— Task prompt —
When copying the data below, keep only the lines from the one with "Red Stained Bookcase Cabinet" through the one with "Youfap Market Splash", word for word, and skip the pictures.

— Records supplied —
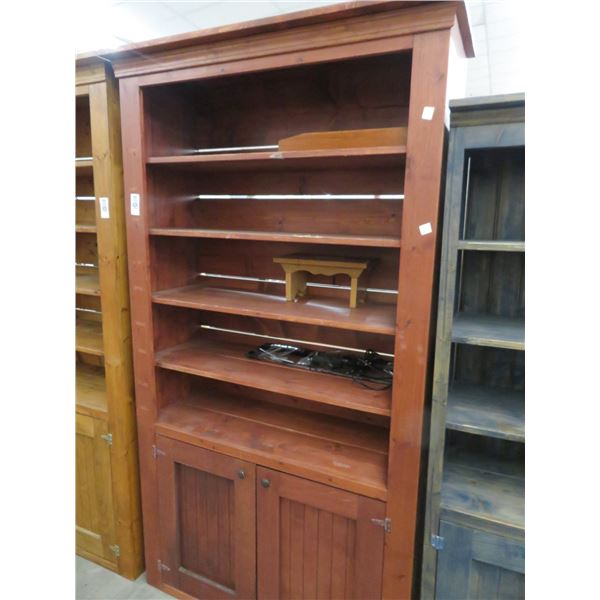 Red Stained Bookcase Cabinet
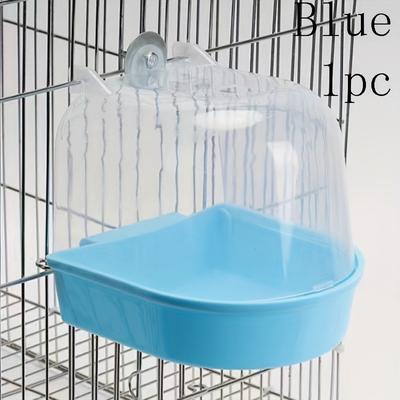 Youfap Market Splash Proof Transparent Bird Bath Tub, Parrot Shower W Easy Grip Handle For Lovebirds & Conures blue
==
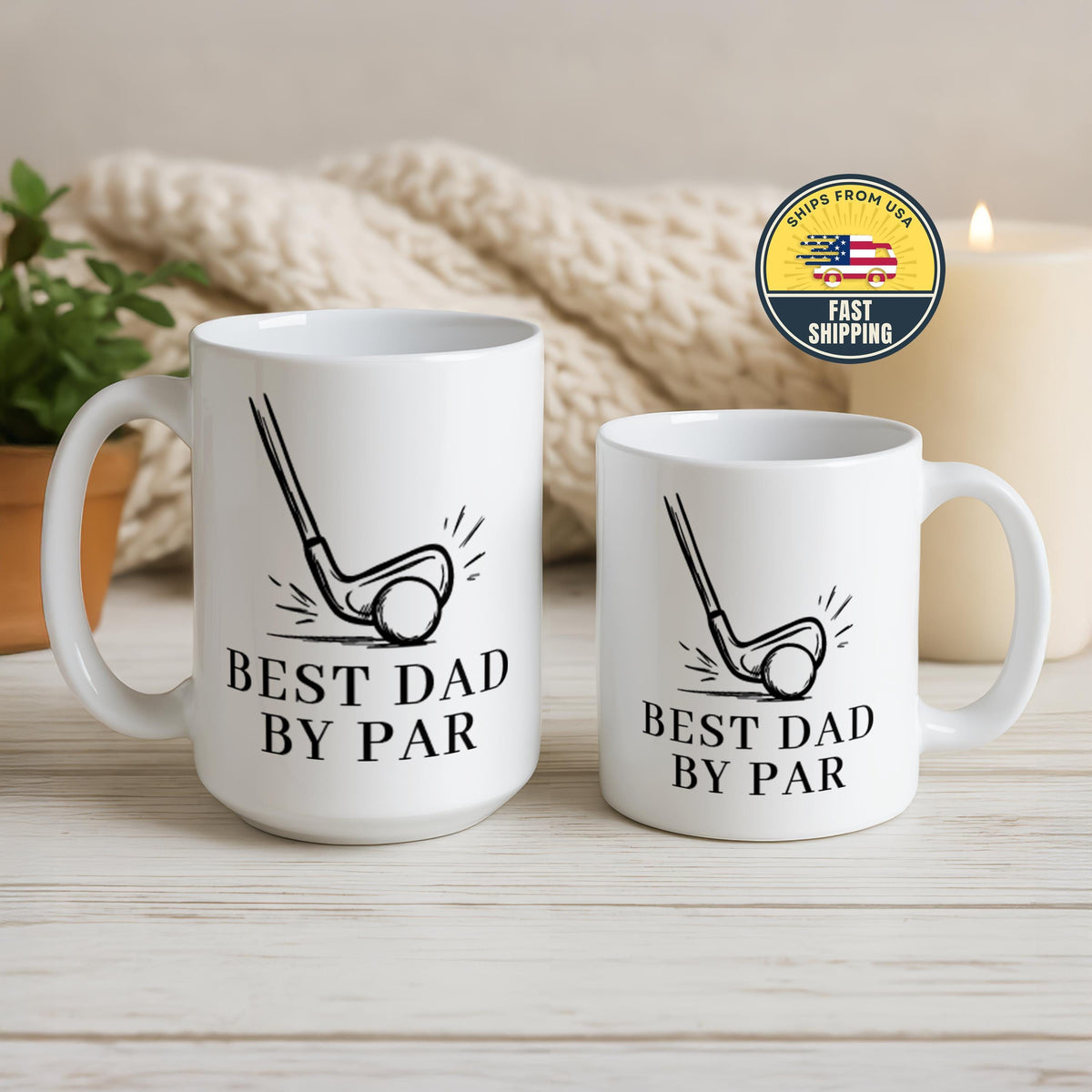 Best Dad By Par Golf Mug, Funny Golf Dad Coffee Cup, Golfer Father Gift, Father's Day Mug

— Answer space —
 Red Stained Bookcase Cabinet
 Youfap Market Splash Proof Transparent Bird Bath Tub, Parrot Shower W Easy Grip Handle For Lovebirds & Conures blue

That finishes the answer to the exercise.